Well, it turns out, there are several of these databases, but data quality is an issue: if we need to review and complete a lot manually, it’s less work to tag the data we need by hand. In this gist I’ve played with OpenFoodFacts linked data and Wikidata before, but the result wasn’t that usable yet.
In this blog article, I’ll look at the OpenFoodfacts ingredients database, as explained here. It will be converted to RDF and linked to a fictional product, so that we can analyse its ingredients.
For those new to linked data, it is structured data, like a relational database, but instead of tables being the central idiom, it’s relations that are central. Everything consists a subject-relation-object triple, which is called a triplet.
A fictional product
We’ll use the Turtle file-format to specify what our sample product looks like:
@prefix qm: <http://thequestionmark.org/rdf/product#> .
@prefix rdf: <http://www.w3.org/1999/02/22-rdf-syntax-ns#> .
@prefix rdfs: <http://www.w3.org/2000/01/rdf-schema#> .
<#pastasauce>
a qm:product;
rdfs:label "Pasta saus"@nl;
qm:ingredientsText "tomaten, room, paprika, ui, aroma's"@nl;
qm:containsIngredient
[ rdfs:label "tomaten"@nl ],
[ rdfs:label "room"@nl ],
[ rdfs:label "paprika"@nl ],
[ rdfs:label "ui"@nl ],
[ rdfs:label "aroma's"@nl ].
In short, we have a pasta sauce product with Dutch label Pasta saus, the ingredients as text, and a list of ingredients. We’d like to link those ingredients to other entities, which we know more of.
This file is stored as product.ttl
.
For more information about how to encode food-product-data like this, you could look at this article.
The OpenFoodFacts ingredients
OpenFoodFacts has an ingredients list, and the file-format is described on this wiki-page.
Before we can query this data, the file needs to be converted to Turtle.
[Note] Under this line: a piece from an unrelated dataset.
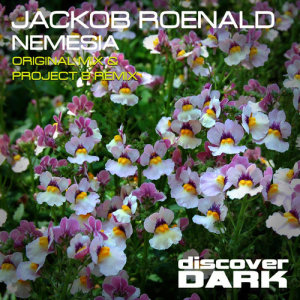 ดาวน์โหลดและฟังเพลง Nemesia (Project 8 Remix) พร้อมเนื้อเพลงจาก Jackob Roenald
That required writing a script, ingredients_to_turtle.py.
# get the conversion script
wget https://developers.thequestionmark.org/assets/ingredients_to_turtle.py
# download the ingredients file
wget https://github.com/openfoodfacts/openfoodfacts-server/raw/master/taxonomies/ingredients.txt
# convert it to the Turtle file format
python3 ingredients_to_turtle.py <ingredients.txt >ingredients.ttl
# and check that it is a valid Turtle file (optional, requires raptor2-utils on Debian/Ubuntu)
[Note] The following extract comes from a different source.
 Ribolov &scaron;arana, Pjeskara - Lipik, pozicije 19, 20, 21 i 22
rapper -i turtle -c ingredients.ttl
# => rapper: Parsing URI file:ingredients.ttl with parser turtle
# => rapper: Parsing returned 13781 triples
Querying
Now that we have the data, let’s see if we can ask it some questions. For that, we’ll
use RDFlib, a Python package for working with linked data. Let’s
do that interactively with IPython
.
In short, we’ll load the Turtle files into a graph (a triple store, a linked data database), then ask it questions using the SPARQL query language.
import rdflib
# Create a new graph (triple store).
g = rdflib.Graph()
# Load the product and the ingredients.
g.load('product.ttl', format='turtle')
g.load('ingredients.ttl', format='turtle')
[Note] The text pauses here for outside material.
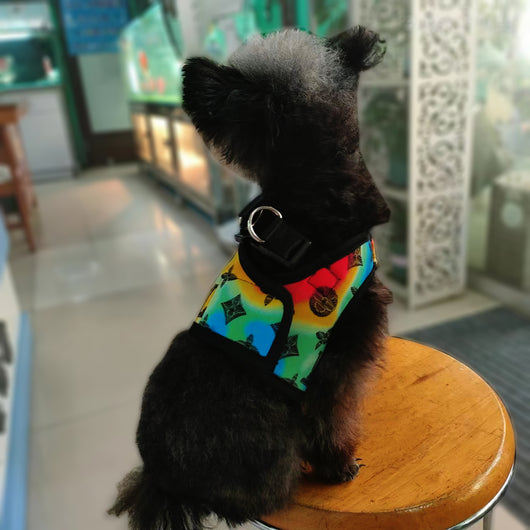 Stylish Paws Patterned Doggo Offbeat Harness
# How many triplets do we have?
len(g)
# => 13733
# Let's see if we can find "pectins" in the ingredients.
g.query('''
PREFIX qm: <http://thequestionmark.org/rdf/product#>
PREFIX skos: <http://www.w3.org/2004/02/skos/core#>
SELECT ?label_en WHERE {
?i
a qm:ingredient;
skos:prefLabel ?label_en;
skos:prefLabel|skos:altLabel "pectins"@en.
FILTER(lang(?label_en) = "en")
}
''').result
# => [(rdflib.term.Literal('pectin', lang='en'),)]
#
# So it can be found, and the preferred label for it is 'pectin'.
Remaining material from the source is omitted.